La Camerata richiama 3mila persone in piazza Duomo per l’anteprima della festa dell’8 Settembre

E’ stato uno straordinario successo il concerto lirico sinfonico della Camerata strumentale “Città di Prato”, tenuto ieri sera in piazza Duomo. Oltre 3mila persone, di cui quasi 2mila sedute sulle gradinate e nella platea allestita sotto il palco accanto alla statua del triumviro Mazzoni, hanno partecipato all’appuntamento con la grande musica, il bel canto e con una delle migliori orchestre d’Italia che ormai da tre anni inaugura il Corteggio e che per quest’edizione ha proposto un programma all’insegna del Tricolore per le celebrazioni dei 150 anni dall’Unità d’Italia, con brani del repertorio operistico italiano dell’800 e legati al Risorgimento, che hanno contribuito a creare la coscienza musicale nazionale del popolo italiano.
“Prato è una città meravigliosa anche in questo – ha esordito il sindaco Roberto Cenni – capace di sorprendere sempre anche attraverso la conferma di una presenza imponente di pubblico come quella di stasera in piazza Duomo. E’ infatti una grande emozione vedere la piazza gremita per un evento unico, all’insegna della musica e dello stare insieme. E’ pertanto fondamentale non solo per le Istituzioni ma per i cittadini tutti sostenere e difendere il valore e l’eccellenza rappresentati dalla Camerata strumentale “Città di Prato”, ognuno come può. Certamente partecipare ai concerti è il modo migliore per apprezzare la qualità della Camerata e tutelare il futuro di questa grande orchestra”.
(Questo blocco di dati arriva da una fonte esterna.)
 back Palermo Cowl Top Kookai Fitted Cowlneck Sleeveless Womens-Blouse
L’apertura del concerto non poteva che essere l’Inno di Mameli, seguito dalla Sinfonia e da Casta Diva tratti da Norma di Vincenzo Bellini. Si è proseguito poi con l’immancabile Giuseppe Verdi, protagonista assoluto della nascita dell’Italia: le sinfonie tratte da Nabucco e da La forza del destino, l’aria «Tu che le vanità» da Don Carlo e infine la sinfonia de I vespri siciliani. Eseguito anche un omaggio alla Festa della Madonna del Sacro Cingolo con la toccante Ave Maria tratta dall’Otello di Verdi. A dirigere Alessandro Pinzauti, e da sottolineare la straordinaria bravura del soprano Maria Billeri. Gli applausi a scena aperta hanno portato addirittura a tre bis che sono stati «O mio babbino caro» dell’opera Gianni Schicchi di Giacomo Puccini e poi l’intermezzo della Cavalleria Rusticana di Mascagni e di nuovo la sinfonia del Nabucco di Giuseppe Verdi.
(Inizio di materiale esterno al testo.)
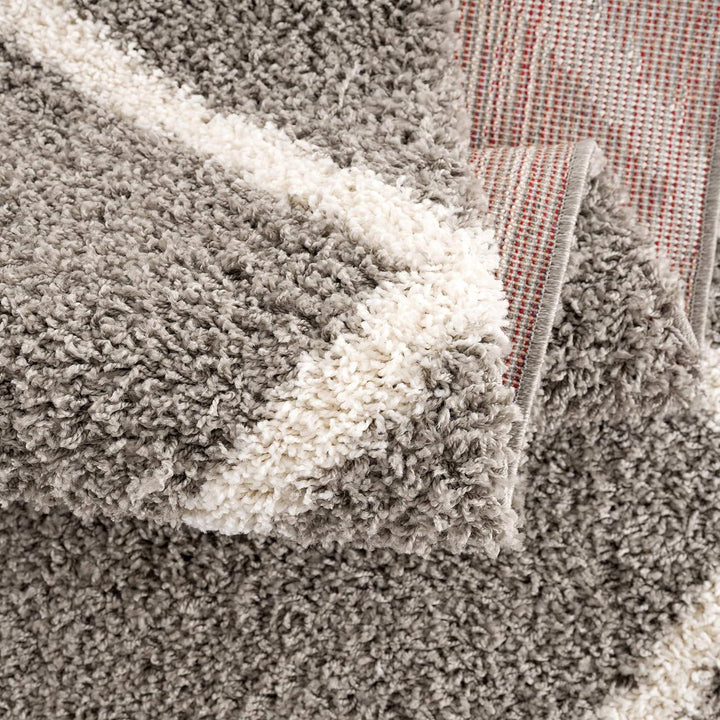 SANAT Madrid Shaggy Teppich Rund - Hochflor Teppiche für Wohnzimmer, Schlafzimmer, Küche - Grau, Grö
“Una serata bellissima – ha sottolineato al termine del concerto l’assessore alla Cultura Anna Beltrame – con piazza Duomo che era una festa per gli occhi e la Camerata che come sempre è riuscita a regalare grandi emozioni con la musica. Mi auguro che questo concerto contribuisca ad avvicinare la città alla sua orchestra di cui tutti dobbiamo essere orgogliosi”.
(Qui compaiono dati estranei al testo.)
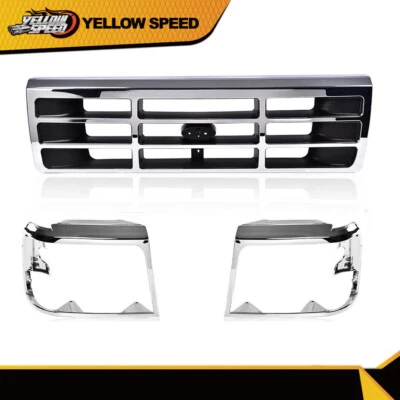 Fit For 92-96 Ford F150 F250 Bronco 1992-1996 Grille Headlight Door Chrome 3 Pcs - Image 1 of 4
Da parte sua il presidente della Camerata Guido Moradei ha ringraziato l’amministrazione per la sensibilità dimostrata verso l’orchestra cittadina “Anche perché  - ha detto – il primo concerto in piazza Duomo per il Corteggio 2009 fu una geniale intuizione, nel 2010 una piacevole conferma, da quest’anno è una tradizione dalla quale nessuno vorrà tornare indietro”.

Il direttore artistico Alberto Batisti ha aggiunto: “Ringrazio il mio sindaco per il sostegno alla Camerata così come tutti gli Enti e le Istituzioni che hanno la lungimiranza di capire il valore fondamentale della musica, che è una delle più grandi opere di ingegno mai partorite dall’uomo e certamente un atto d’amore universale. Piazza Duomo gremita in un abbraccio potente verso l’orchestra è il miglior auspicio per la stagione che sta per cominciare”. E’ stata pertanto una bella occasione per vivere il cuore della città ascoltando le note immortali di grandissimi compositori interpretate dalla Camerata strumentale, una delle eccellenze della città, di cui sta per partire la campagna abbonamenti.  Il concerto sarà trasmesso dall’emittente Toscana Tv domani, venerdì 9 settembre, alle 21,45, con la regia e il commento del critico musicale Goffredo Gori.